§ **WHAT TO PRODUCE**: Write out exactly the lines below that run from the one containing "Summer piggy bank with sunglasses on beach" through the one containing "Explosive colorful fireworks", both included, with no other lines.
--- START ---
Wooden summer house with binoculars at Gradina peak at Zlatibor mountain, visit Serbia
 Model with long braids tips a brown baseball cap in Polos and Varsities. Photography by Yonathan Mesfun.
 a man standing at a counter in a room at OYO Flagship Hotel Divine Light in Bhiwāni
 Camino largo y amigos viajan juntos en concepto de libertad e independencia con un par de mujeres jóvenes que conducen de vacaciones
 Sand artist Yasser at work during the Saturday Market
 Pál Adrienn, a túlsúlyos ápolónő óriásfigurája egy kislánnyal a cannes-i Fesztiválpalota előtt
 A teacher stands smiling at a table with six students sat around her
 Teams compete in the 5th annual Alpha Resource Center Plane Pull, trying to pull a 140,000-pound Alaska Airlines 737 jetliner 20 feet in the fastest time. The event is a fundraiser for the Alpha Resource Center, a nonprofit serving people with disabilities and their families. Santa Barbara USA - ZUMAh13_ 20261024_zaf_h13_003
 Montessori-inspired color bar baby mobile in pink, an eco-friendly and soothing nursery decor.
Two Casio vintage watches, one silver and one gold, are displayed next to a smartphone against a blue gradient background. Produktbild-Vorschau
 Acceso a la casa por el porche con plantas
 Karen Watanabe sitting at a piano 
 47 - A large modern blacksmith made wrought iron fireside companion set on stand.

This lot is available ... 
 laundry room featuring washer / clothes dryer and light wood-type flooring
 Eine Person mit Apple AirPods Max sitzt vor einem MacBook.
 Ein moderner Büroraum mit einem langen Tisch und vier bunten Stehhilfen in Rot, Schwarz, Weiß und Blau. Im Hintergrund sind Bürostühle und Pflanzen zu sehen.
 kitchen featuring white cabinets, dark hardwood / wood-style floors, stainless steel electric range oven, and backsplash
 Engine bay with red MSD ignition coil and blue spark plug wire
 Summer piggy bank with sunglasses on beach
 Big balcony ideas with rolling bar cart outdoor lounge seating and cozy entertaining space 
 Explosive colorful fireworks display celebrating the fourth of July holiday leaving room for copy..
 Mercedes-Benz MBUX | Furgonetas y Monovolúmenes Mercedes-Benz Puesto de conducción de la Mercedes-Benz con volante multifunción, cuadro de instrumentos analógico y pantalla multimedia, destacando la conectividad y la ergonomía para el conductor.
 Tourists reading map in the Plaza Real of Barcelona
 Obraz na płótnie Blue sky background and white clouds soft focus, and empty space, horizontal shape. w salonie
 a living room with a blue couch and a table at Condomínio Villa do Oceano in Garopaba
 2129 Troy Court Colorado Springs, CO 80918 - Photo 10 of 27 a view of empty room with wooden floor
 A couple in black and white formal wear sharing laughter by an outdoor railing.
--- END ---
§ **ANSWER TO THE EXERCISE**:
 Summer piggy bank with sunglasses on beach
 Big balcony ideas with rolling bar cart outdoor lounge seating and cozy entertaining space 
 Explosive colorful fireworks display celebrating the fourth of July holiday leaving room for copy..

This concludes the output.